◆ Problem to solve
Take from the entries below the stretch from the line with "Hi everybody. This" through the line with "Come over here, refresh", and return it exactly, leaving the pictures out.

◆ Data to use
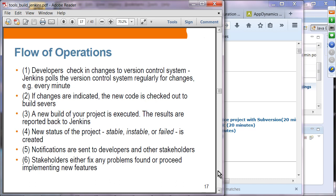Flow of operations: developers check changes into the version control system. Jenkins polls the VCS — for example, every minute. If changes are detected, new code is checked out to build servers, a new build is executed, and results are reported back to the Jenkins server. The project status — stable, unstable, or failed — is visible, and notifications are sent to developers and stakeholders who then either fix problems or proceed to implement new features.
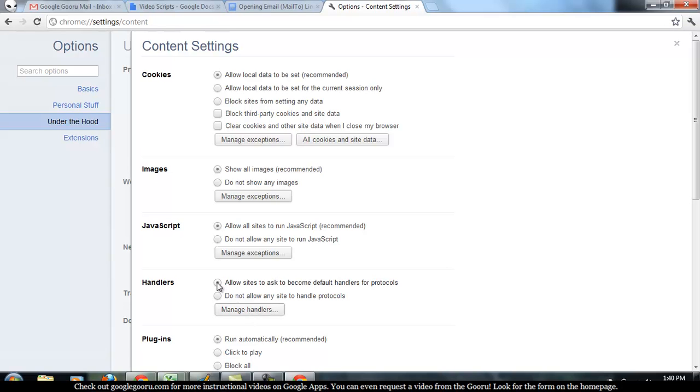And you probably want to check Allow Sites to Ask to become default handlers for protocols. That will let Google sort of alert you of these things as they come along.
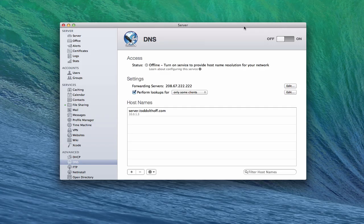Hi everybody. This is Todd Oltoff from ToddOltoff.com coming back at you with another screencast. This week we're going to take a look at the DNS service that's built into Maverick's server. If you remember last week, we talked about simple DNS when I had you change your host name and use the wizard to set up DNS. So as a result, you'll probably already have DNS set up if you did that for your server. For most home users that was fine, but today I want to walk you through the DNS service and talk about it more in depth.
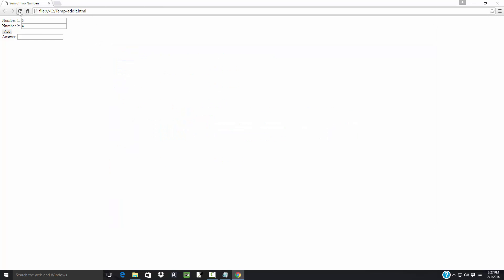Come over here, refresh this. Put three in, put four in, and click Add — it gives me the answer, which is seven. If I put six in and click Add, gives me ten. It probably doesn't handle it very well if I leave one blank — 'Not a Number', so NaN. But that shows you how we've programmed that in.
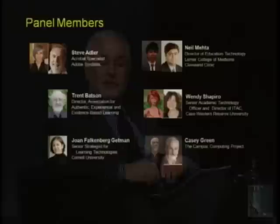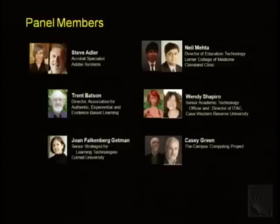There are longer bios on the website. So here we are alphabetically: Steve Adler from Adobe has been a leader in integrating Acrobat and collaborative technologies to address learning and productivity with campus and corporate communities. Trent Batson is the founding director of the Association for Authentic, Experiential and Evidence-Based Learning, the professional association of the e-portfolio community. Joan Getman is the senior strategist for learning technologies at Cornell University, focusing on alignment of IT services with best practices and emerging technologies.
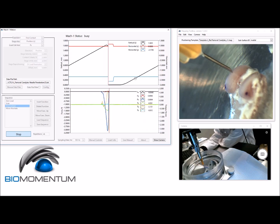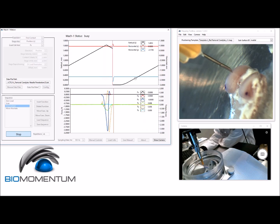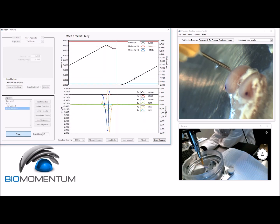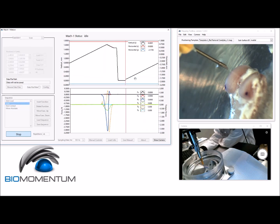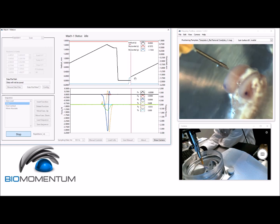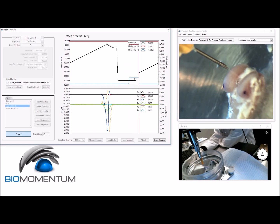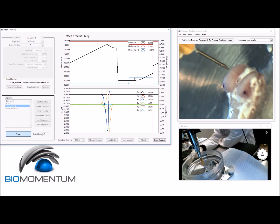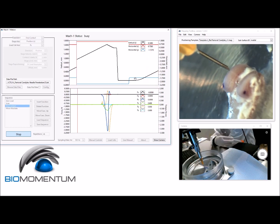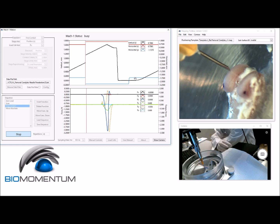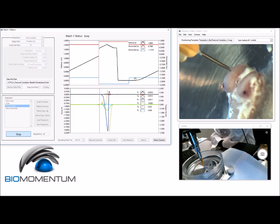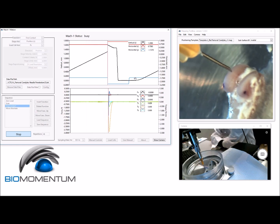A needle is installed under the load cell and is vertically displaced towards the sample at a constant speed until a predefined maximum load is reached. The needle touches the cartilage surface when there is a slight increase in the load, while it touches the subchondral bone when there is a sharp increase in the load.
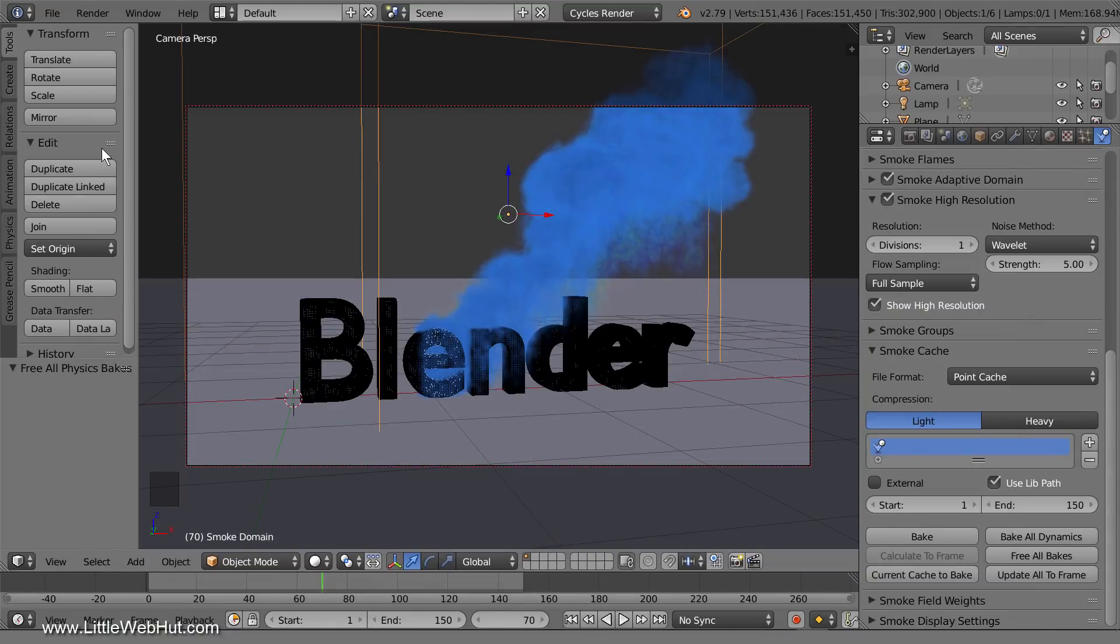If you want to recreate these files again, then click the Bake All Dynamics button. When it's finished baking, then save your project again.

◆ Task result
Hi everybody. This is Todd Oltoff from ToddOltoff.com coming back at you with another screencast. This week we're going to take a look at the DNS service that's built into Maverick's server. If you remember last week, we talked about simple DNS when I had you change your host name and use the wizard to set up DNS. So as a result, you'll probably already have DNS set up if you did that for your server. For most home users that was fine, but today I want to walk you through the DNS service and talk about it more in depth.
Come over here, refresh this. Put three in, put four in, and click Add — it gives me the answer, which is seven. If I put six in and click Add, gives me ten. It probably doesn't handle it very well if I leave one blank — 'Not a Number', so NaN. But that shows you how we've programmed that in.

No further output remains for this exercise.